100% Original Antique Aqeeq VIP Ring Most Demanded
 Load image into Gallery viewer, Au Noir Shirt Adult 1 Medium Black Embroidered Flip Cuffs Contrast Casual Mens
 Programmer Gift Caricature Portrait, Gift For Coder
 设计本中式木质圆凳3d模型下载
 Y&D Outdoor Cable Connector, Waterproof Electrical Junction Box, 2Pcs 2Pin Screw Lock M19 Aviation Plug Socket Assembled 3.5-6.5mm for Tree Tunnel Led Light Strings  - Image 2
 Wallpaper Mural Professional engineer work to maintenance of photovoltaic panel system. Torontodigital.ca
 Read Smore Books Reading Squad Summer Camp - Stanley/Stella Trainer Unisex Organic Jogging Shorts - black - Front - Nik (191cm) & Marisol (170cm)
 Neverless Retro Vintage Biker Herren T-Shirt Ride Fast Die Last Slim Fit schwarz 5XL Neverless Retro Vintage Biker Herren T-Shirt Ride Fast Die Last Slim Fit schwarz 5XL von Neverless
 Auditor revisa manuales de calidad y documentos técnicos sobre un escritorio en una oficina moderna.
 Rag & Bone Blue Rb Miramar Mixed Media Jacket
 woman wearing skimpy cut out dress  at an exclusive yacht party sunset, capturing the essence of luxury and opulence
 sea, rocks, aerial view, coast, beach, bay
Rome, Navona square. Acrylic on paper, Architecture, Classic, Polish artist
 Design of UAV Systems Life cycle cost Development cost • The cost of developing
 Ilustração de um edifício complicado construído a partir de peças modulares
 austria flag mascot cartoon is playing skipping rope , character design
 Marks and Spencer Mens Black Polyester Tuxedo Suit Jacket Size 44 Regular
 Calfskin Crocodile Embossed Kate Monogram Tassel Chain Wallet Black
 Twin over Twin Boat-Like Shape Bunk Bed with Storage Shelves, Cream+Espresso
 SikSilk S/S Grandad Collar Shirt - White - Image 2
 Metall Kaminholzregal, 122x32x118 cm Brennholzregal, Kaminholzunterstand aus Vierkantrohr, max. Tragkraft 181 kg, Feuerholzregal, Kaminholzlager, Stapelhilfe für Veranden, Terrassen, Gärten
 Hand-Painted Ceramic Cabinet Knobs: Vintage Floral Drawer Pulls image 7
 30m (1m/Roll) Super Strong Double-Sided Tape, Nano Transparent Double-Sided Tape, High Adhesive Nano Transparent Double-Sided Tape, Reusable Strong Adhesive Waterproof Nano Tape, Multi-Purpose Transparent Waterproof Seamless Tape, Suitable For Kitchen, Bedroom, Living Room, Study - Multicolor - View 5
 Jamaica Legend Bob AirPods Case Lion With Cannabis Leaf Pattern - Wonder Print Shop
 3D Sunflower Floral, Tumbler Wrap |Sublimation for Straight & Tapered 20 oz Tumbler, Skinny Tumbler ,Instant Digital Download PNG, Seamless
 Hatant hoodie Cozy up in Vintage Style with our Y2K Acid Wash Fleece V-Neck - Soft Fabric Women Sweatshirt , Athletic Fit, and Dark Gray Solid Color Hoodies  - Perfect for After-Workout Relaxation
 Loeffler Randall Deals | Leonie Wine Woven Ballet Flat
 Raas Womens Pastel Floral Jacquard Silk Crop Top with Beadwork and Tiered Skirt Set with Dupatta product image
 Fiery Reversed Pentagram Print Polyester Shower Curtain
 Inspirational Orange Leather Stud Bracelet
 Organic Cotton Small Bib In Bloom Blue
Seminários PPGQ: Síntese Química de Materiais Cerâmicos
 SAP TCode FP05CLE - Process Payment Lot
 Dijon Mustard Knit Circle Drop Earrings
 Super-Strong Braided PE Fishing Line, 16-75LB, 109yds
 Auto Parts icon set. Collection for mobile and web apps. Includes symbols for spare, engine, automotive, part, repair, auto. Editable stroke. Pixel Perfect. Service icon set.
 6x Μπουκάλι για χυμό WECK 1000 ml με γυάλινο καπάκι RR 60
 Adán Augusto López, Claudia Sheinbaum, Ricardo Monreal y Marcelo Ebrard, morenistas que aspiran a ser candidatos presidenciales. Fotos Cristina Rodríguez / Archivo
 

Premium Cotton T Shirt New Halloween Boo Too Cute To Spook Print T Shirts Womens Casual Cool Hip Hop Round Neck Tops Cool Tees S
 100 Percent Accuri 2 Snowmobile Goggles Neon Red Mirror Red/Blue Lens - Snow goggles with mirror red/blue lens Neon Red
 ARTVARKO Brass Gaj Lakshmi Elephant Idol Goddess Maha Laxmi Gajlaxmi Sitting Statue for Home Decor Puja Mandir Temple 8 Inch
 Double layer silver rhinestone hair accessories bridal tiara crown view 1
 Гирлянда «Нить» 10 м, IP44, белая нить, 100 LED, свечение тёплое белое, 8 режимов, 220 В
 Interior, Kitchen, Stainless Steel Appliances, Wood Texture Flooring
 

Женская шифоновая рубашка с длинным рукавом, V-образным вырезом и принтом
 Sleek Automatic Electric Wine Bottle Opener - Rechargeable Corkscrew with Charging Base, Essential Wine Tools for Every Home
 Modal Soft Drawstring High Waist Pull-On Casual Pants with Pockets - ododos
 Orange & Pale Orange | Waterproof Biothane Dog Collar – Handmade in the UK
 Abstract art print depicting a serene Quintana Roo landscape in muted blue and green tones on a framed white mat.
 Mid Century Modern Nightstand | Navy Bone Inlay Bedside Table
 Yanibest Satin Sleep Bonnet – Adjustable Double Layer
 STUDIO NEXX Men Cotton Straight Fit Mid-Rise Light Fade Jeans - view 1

┄┄┄┄┄┄┄┄┄┄

AIM OF THE EXERCISE:
In the listing above, find the line containing "SikSilk S/S Grandad" and the line containing "Hand-Painted Ceramic Cabinet", then repeat those two lines and everything between them exactly.

PROBLEM SOLUTION:
 SikSilk S/S Grandad Collar Shirt - White - Image 2
 Metall Kaminholzregal, 122x32x118 cm Brennholzregal, Kaminholzunterstand aus Vierkantrohr, max. Tragkraft 181 kg, Feuerholzregal, Kaminholzlager, Stapelhilfe für Veranden, Terrassen, Gärten
 Hand-Painted Ceramic Cabinet Knobs: Vintage Floral Drawer Pulls image 7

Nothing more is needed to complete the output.